Jan Thilo Kehrer (; born 21 September 1996) is a German professional footballer who plays as a defender for Premier League club West Ham United and the Germany national team. Mainly a centre-back, he can also play in either full-back position.

Club career

Schalke 
Kehrer is a graduate of Schalke 04. He made his Bundesliga debut on 6 February 2016 against VfL Wolfsburg in a 3–0 home win. He scored his first goal for the club on 1 April 2017 in the Revierderby against Borussia Dortmund at home, producing the equalizer in a 1–1 draw.

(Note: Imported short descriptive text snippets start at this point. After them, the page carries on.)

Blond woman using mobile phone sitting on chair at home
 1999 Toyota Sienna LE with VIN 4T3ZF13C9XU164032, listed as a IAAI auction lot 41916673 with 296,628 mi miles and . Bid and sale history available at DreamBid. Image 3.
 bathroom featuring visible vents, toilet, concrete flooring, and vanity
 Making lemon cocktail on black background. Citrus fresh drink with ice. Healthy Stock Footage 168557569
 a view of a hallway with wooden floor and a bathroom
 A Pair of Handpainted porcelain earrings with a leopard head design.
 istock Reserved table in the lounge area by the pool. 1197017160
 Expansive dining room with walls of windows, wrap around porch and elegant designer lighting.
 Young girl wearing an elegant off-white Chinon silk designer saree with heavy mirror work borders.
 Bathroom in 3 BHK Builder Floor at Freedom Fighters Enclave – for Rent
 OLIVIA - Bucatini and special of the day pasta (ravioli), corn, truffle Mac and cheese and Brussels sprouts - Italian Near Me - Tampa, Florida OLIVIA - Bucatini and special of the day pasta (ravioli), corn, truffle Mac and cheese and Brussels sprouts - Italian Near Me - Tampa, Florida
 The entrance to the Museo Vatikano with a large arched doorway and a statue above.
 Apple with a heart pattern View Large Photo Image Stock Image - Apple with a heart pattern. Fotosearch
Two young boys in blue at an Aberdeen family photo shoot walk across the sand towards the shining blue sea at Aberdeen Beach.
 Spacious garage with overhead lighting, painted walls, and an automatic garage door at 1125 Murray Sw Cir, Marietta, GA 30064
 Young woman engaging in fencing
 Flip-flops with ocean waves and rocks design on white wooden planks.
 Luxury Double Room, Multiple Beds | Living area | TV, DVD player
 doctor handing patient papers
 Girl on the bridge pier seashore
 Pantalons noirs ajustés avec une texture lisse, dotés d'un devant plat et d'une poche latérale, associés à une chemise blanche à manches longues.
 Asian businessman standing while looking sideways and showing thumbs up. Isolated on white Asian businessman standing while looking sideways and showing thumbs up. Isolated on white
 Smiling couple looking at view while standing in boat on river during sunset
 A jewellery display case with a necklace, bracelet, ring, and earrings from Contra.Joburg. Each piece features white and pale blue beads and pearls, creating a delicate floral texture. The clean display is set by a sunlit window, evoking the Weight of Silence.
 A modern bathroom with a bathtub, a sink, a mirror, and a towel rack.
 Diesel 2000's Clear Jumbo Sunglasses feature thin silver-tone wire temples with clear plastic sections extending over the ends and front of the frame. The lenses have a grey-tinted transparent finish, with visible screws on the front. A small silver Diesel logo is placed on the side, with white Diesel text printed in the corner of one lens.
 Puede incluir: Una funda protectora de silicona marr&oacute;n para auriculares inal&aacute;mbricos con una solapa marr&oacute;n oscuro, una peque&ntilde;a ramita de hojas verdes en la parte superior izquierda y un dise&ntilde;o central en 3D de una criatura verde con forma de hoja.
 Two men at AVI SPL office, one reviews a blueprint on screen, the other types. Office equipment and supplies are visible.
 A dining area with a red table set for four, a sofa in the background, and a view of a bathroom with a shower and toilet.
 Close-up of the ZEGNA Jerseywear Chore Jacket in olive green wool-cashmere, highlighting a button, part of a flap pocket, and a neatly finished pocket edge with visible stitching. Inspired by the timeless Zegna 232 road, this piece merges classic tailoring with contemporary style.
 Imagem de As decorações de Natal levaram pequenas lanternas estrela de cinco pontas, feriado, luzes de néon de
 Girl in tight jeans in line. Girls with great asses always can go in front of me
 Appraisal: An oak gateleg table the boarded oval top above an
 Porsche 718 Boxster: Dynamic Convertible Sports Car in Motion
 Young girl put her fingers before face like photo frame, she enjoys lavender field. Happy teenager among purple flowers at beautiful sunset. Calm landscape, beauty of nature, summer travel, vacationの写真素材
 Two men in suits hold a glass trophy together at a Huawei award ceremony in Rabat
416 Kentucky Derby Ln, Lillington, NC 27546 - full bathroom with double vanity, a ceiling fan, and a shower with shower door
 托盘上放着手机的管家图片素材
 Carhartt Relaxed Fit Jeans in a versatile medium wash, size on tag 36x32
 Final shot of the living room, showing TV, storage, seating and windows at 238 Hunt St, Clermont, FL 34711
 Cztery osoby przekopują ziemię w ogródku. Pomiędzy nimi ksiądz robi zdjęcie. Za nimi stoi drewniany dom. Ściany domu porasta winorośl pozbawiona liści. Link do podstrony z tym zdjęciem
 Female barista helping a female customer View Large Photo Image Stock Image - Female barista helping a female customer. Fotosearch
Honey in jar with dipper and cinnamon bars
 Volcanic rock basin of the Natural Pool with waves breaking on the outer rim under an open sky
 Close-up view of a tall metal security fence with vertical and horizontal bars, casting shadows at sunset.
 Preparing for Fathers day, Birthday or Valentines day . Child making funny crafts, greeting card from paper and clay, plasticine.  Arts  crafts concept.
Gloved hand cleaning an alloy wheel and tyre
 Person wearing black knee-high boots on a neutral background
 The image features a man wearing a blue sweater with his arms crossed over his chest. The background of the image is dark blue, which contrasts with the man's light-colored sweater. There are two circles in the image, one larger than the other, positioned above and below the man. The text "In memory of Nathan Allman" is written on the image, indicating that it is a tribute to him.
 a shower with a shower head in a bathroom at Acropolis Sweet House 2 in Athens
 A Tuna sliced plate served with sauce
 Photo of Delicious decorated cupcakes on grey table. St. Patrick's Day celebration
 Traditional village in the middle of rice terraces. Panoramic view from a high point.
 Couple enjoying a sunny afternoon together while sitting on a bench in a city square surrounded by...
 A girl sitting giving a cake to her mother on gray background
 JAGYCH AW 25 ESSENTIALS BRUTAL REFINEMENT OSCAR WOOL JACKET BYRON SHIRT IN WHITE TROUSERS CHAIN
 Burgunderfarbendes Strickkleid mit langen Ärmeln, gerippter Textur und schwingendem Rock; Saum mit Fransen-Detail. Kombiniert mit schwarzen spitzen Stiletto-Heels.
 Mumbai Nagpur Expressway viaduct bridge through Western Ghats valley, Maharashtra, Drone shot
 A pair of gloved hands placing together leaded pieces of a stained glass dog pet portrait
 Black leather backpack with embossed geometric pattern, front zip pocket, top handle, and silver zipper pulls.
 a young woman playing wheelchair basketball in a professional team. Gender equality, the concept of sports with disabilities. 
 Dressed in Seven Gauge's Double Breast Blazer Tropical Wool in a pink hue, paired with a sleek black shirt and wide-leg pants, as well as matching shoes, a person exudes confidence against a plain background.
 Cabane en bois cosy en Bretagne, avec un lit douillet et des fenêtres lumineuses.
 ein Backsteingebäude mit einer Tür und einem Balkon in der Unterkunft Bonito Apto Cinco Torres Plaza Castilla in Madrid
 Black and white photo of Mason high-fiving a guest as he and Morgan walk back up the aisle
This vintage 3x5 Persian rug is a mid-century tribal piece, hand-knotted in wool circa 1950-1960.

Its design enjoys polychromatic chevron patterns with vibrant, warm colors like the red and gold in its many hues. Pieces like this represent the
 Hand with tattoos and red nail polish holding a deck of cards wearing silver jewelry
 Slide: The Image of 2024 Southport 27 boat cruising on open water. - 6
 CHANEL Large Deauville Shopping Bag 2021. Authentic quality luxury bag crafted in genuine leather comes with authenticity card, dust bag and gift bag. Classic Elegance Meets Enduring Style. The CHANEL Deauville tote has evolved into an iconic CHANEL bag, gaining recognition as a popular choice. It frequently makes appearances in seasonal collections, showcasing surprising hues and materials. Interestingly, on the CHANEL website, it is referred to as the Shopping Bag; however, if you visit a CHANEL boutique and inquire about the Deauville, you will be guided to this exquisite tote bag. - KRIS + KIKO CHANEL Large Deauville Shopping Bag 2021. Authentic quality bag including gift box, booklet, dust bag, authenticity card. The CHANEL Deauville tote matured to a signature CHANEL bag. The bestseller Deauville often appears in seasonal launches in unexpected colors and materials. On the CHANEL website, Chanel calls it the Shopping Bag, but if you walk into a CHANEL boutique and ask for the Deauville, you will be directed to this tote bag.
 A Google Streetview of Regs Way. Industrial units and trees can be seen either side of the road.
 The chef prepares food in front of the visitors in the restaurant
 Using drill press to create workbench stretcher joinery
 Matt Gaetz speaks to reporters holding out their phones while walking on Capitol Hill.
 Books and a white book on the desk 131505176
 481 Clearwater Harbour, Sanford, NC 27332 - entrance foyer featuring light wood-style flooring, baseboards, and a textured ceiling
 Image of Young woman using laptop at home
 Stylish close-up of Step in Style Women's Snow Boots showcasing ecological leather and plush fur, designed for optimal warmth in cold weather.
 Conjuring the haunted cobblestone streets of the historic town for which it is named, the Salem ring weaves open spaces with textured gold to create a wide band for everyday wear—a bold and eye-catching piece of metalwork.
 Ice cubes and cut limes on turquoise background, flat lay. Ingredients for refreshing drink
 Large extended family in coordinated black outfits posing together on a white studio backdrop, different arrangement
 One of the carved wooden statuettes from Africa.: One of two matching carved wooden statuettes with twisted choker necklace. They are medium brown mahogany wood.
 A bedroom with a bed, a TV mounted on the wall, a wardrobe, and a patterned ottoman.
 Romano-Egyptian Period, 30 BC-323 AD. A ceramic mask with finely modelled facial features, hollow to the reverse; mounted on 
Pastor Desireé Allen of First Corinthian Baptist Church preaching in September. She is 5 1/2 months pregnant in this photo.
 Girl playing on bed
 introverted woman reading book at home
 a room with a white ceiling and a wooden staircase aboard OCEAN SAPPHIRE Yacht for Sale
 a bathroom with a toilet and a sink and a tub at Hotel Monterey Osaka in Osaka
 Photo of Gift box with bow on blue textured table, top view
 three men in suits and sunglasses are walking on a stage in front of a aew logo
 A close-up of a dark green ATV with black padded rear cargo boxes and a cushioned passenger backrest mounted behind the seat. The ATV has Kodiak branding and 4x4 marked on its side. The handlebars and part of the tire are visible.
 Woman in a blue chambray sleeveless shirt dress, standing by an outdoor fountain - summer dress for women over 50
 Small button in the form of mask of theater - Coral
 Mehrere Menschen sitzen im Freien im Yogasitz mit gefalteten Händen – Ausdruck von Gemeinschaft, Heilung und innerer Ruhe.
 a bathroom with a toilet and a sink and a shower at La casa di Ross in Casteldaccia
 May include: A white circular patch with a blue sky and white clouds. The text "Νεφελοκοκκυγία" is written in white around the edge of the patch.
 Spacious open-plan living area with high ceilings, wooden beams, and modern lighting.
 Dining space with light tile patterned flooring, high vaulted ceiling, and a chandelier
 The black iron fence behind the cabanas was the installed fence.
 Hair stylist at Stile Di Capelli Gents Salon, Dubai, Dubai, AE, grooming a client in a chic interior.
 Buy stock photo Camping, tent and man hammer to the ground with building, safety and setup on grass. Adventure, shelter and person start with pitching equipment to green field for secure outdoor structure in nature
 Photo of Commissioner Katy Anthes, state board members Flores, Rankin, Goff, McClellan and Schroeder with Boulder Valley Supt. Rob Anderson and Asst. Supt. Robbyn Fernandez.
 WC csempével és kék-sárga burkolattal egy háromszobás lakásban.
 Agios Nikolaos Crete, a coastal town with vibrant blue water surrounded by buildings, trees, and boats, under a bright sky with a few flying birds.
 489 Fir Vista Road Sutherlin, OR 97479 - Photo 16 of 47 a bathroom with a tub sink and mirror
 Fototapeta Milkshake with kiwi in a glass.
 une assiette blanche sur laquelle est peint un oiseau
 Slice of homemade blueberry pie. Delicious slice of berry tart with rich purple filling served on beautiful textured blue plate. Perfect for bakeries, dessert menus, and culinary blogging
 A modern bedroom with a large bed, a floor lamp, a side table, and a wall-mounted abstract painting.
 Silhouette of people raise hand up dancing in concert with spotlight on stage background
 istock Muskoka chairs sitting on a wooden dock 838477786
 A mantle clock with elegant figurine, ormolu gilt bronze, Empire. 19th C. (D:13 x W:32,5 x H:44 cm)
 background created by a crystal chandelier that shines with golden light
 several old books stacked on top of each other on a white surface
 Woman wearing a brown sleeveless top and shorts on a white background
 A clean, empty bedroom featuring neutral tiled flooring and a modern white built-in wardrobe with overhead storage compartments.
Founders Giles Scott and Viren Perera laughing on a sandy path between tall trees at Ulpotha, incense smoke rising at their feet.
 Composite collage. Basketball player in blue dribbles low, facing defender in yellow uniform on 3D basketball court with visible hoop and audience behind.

On 5 May 2018 he scored twice as Schalke secured second place in the Bundesliga for the 2017–18 season and UEFA Champions League football for the 2018–19 season.

Paris Saint-Germain 
On 16 August 2018, it was announced that Kehrer had been transferred to Ligue 1 club Paris Saint-Germain for €37 million.

On 10 April 2019, Kehrer scored his first goal for Paris Saint-Germain, in a league match against Strasbourg that ended 2–2. He scored his second goal for the club in a 2–1 league win away to Nantes on 4 February 2020. On 24 July 2020, in the Coupe de France Final, Kehrer suffered an injury and was replaced by Colin Dagba. PSG went on to win the match 1–0.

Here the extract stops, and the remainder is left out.